The RBI is on track to raise Rs 2,65,911 crore by September, leaving a fourth of the government’s borrowing schedule, or Rs 98,000 crore, for the remaining six months of the fiscal year. The front-loaded calendar merits itself on two counts. One, it bundles heavy government borrowing into quarters when demand for corporate credit is low. Two, this feeds fiscal expansion without raising interest rates.
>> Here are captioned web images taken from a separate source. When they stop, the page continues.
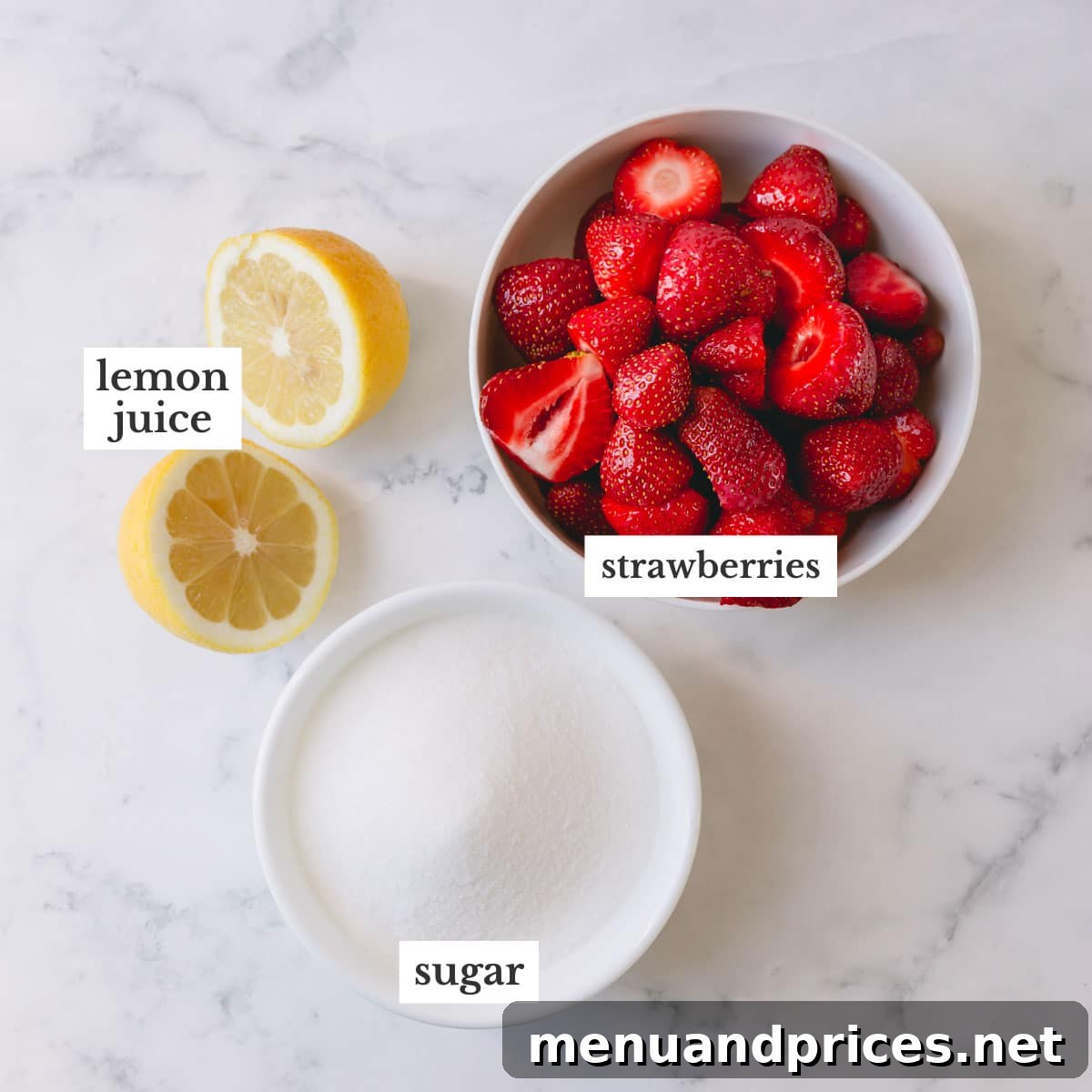 All the simple ingredients for homemade strawberry jam laid out: fresh strawberries, granulated sugar, and bright lemons.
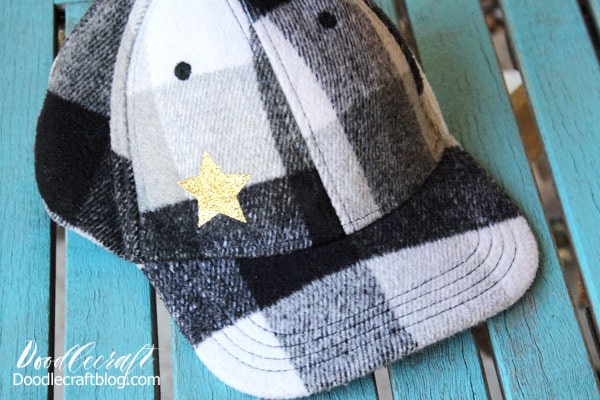 Make a Glitter Star Hat with the new Cricut EasyPress Mini in just 5 minutes. Black and White Buffalo plaid wool ball cap with gold glitter heat transfer vinyl star. Great for doll clothes, sleeves, stuffed animals and more!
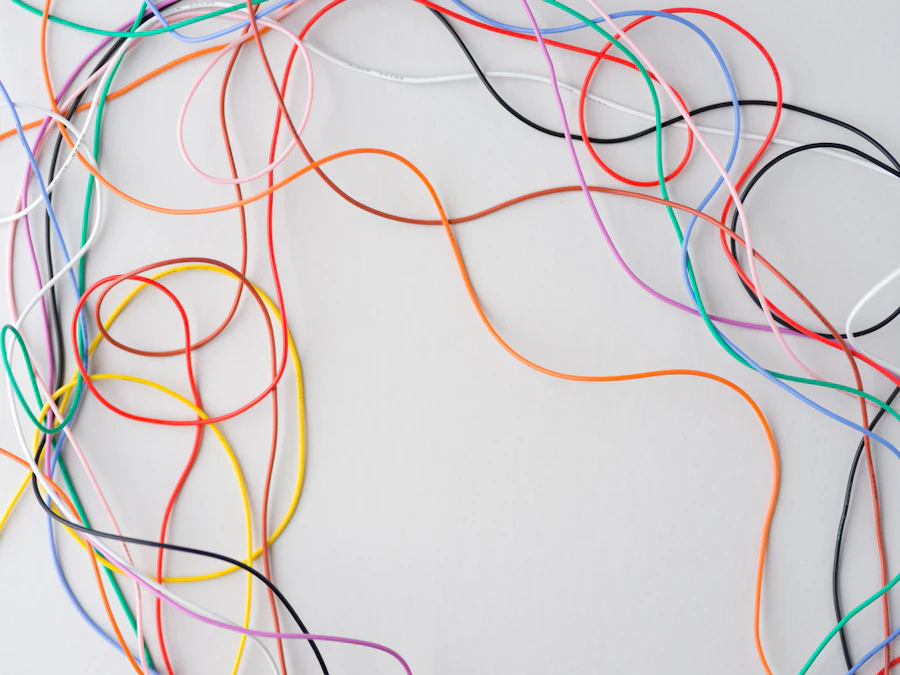 Coloured threads tangled against a white background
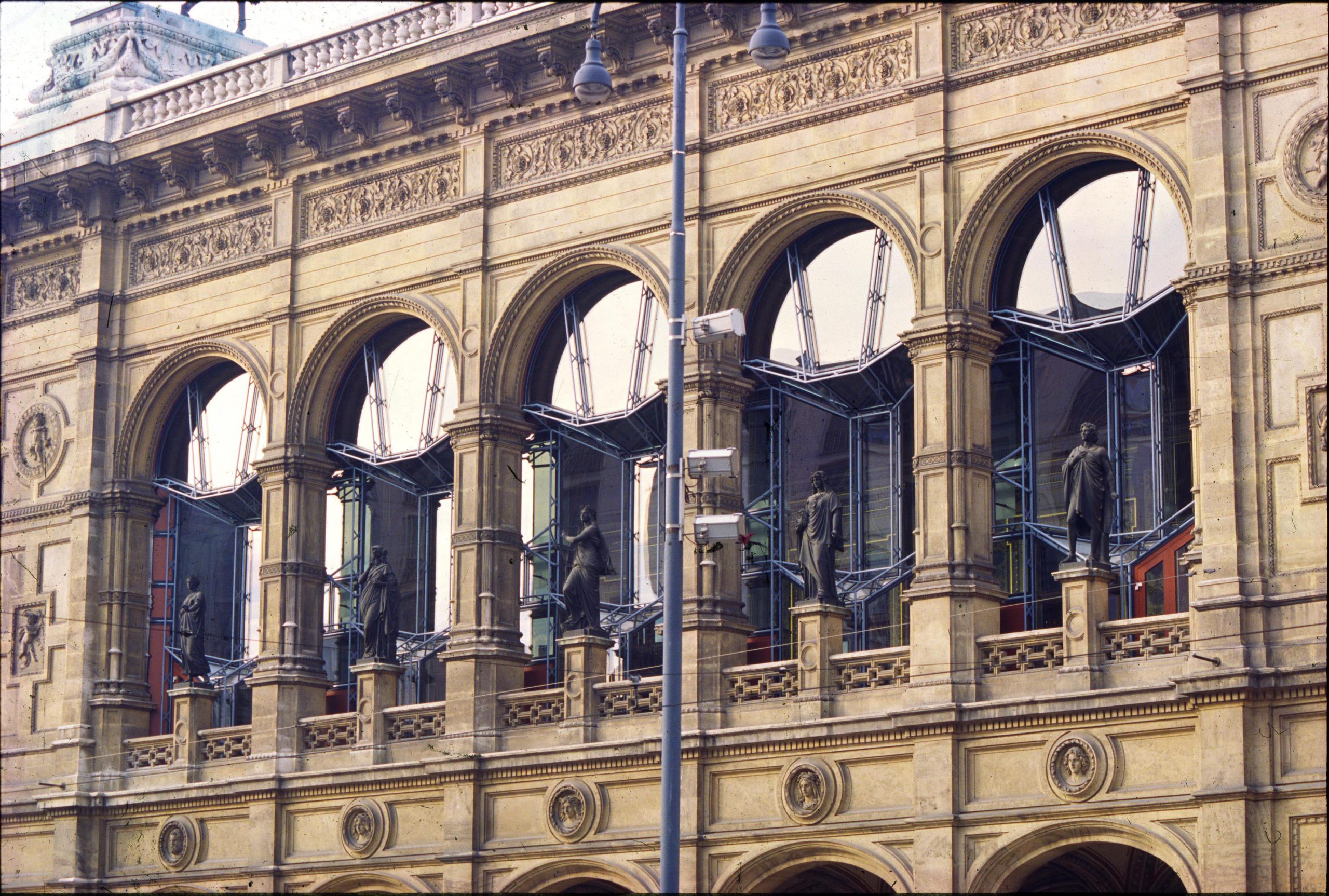 Facade of buidling with large, semicircular windows and sculptures in front of the windows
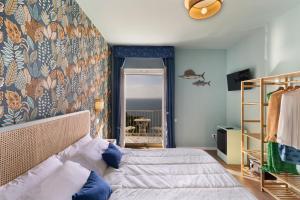 a bedroom with a bed with a wall mural at Hotel Villa Lubrense Sorrento in Massa Lubrense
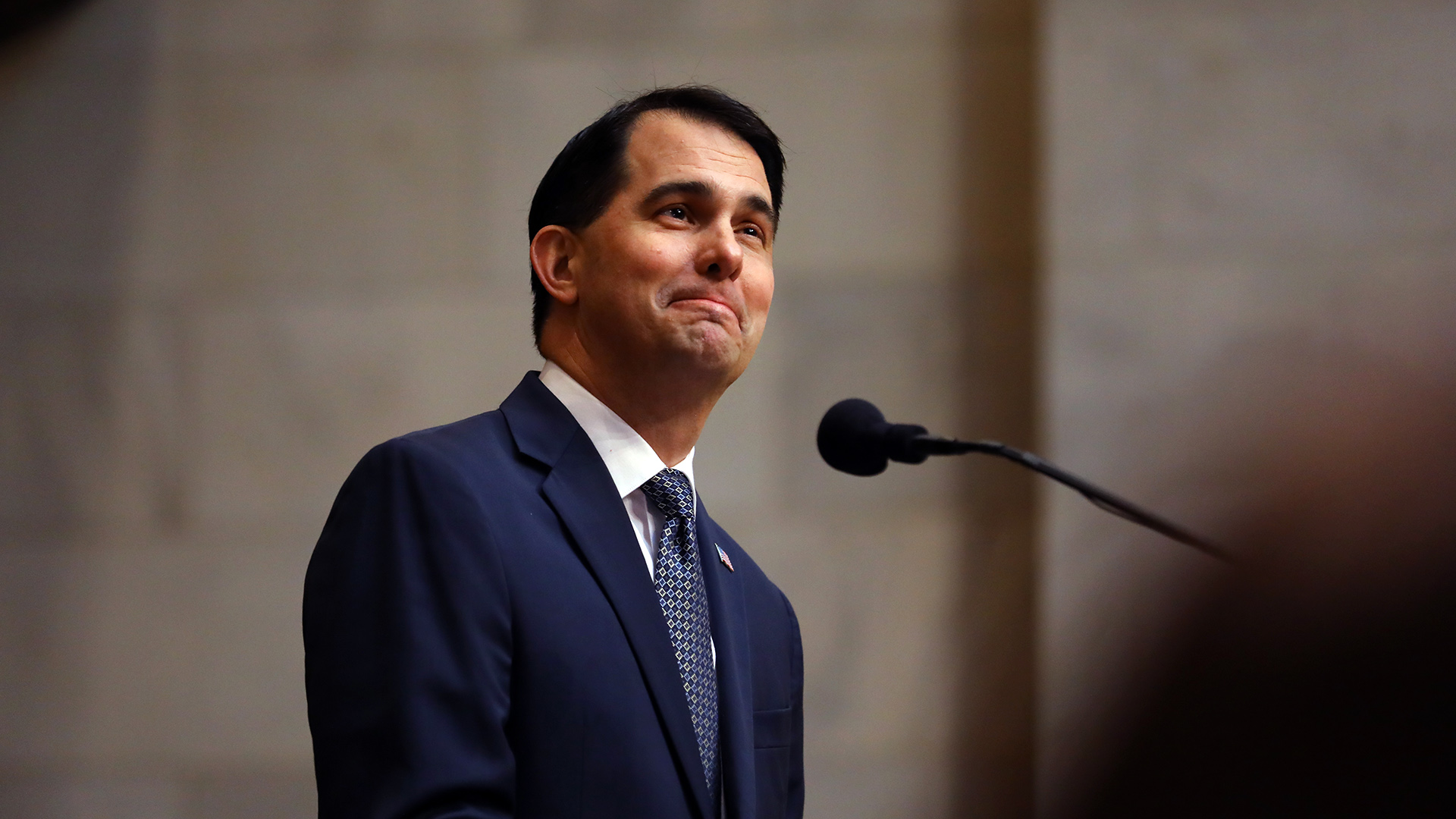 Scott Walker stands and speaks into a microphone on a mount, with an an out-of-focus head in the foreground and an out-of-focus marble masonry wall in the background.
On both counts, it appears, the easy bit is over. In its latest monetary policy review in July, the RBI signalled that its expansionary cycle had ended after nine months of aggressive cuts that halved short-term interest rates charged from banks. And now banks, which buy the lion’s share of government paper, are protesting they have breached the limit of gilts they can hold without taking exposure to losses from hardening interest rates. The appetite for lending to the government — which last quarter fetched Indian banks a stunning 62 per cent growth in net profits mainly through treasury operations — appears to be cooling off. The financial market, by and large, expects interest rates will begin to climb from next January although the spectre of drought may stay the RBI’s hand for a bit.
This highlights the conflict of interest inherent in the central bank’s most immediate concerns: arranging cheap funds for its principal client, pursuing a counter-cyclical monetary policy and regulating the banking industry.
If the RBI wants banks to lend more money to the government, it faces pressure to raise the threshold of their risk-free gilt holdings or continue with an easy money policy. And if it wants to pop the incipient food-price bubble it needs to raise interest rates. The roles of debt manager, monetary policy formulator and banking regulator are clearly defined — and often contradictory. Debate on splitting the RBI’s job in three has dragged on despite evidence from the West that trifurcation is the way out. The current confluence of events could be a good time as any to get on with the process.